To combat diseases and hunger, science is important but science alone is not enough. If we pay attention only to science and technology but forget ideology, we may wake up one day to find that the people may have more to live on but little to live for. They may enjoy a full rice bowl, but they cease to be free men. It would be indeed tragic if we think only of the empty stomach and neglect the empty mind. While we promote science and technology to increase production and improve health, we must deliberately and vigorously push our democratic ideology.
What makes the present situation in the Philippines so hopeful is that there is an increasing awareness of the urgency and basic importance of developing the "whole man." Outstanding civic leaders representing business, banking, industry, education are backing up this movement for rural reconstruction and mass education. College presidents, professors, and scientists leave their city homes to go to the barrios to share their scientific knowledge and skills and adapt them to the simple and practical level of the peasant people. College-educated youth are dedicating themselves to become science-missionaries and freedom crusaders, living and working with the barrio people.
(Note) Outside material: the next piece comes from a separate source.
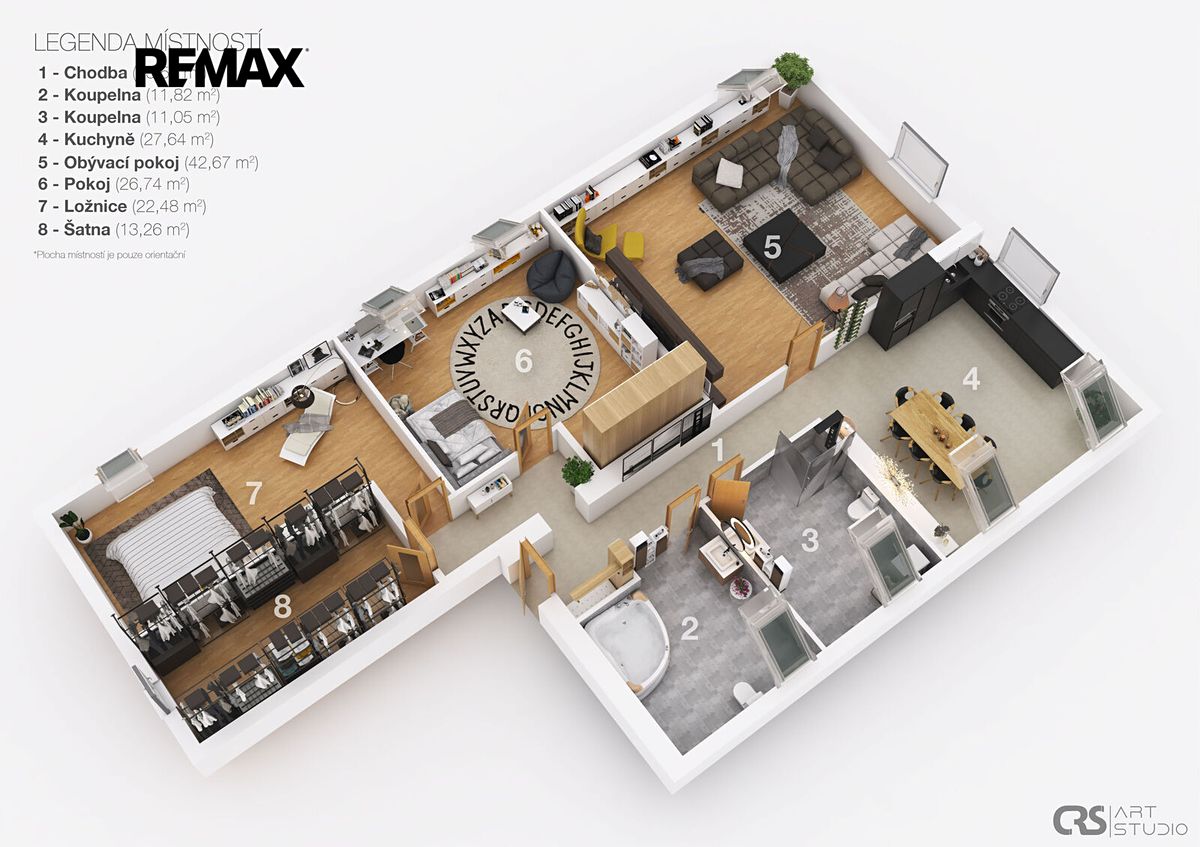 Pronájem bytu 4+1 37 m²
When I watch these dedicated young men and women working, teaching, singing in the barrios with the poor and the lowly, the men make me think of St. Francis of Assisi and the women remind me of St. Clara. This is what gives us faith in the future of the Philippines and in the future of the peoples of Asia.
Distinguished members of the Board, your gracious recognition, through me, of the work of the Movement has given great encouragement to the members of our International Board in the United States and to our fellow-workers in different parts of the world. You have put steel into the hearts of our rural reconstruction workers. We are more determined than ever to extend this program of science education for the masses and the crusade for freedom to as many developing countries as we possibly can. We intend to promote national rural reconstruction movements in these countries such as we have done with our Filipino colleagues in the Philippine Rural Reconstruction Movement. Your generous award of US$10,000 will be added on to our International Scholarship Fund to encourage the finest young men and women to come from different developing countries to the Philippines to learn the techniques of rural reconstruction and to catch the spirit of a science-missionary and freedom-crusader.
In due time, we hope to organize these different national rural reconstruction movements into a World Federation that will serve as a global force to promote international understanding and to assist one another in this urgent and fundamental task of mass education and rural reconstruction. So friends, we accept your award not so much as an award but as a challenge. The greatest challenge of the 20th century is not the exploring of the mysteries of the outer space but the developing of the millions of God's forgotten children, the developing peoples of the world, so they can become our equal and full partners to build a better world -- a world of freedom and brotherhood.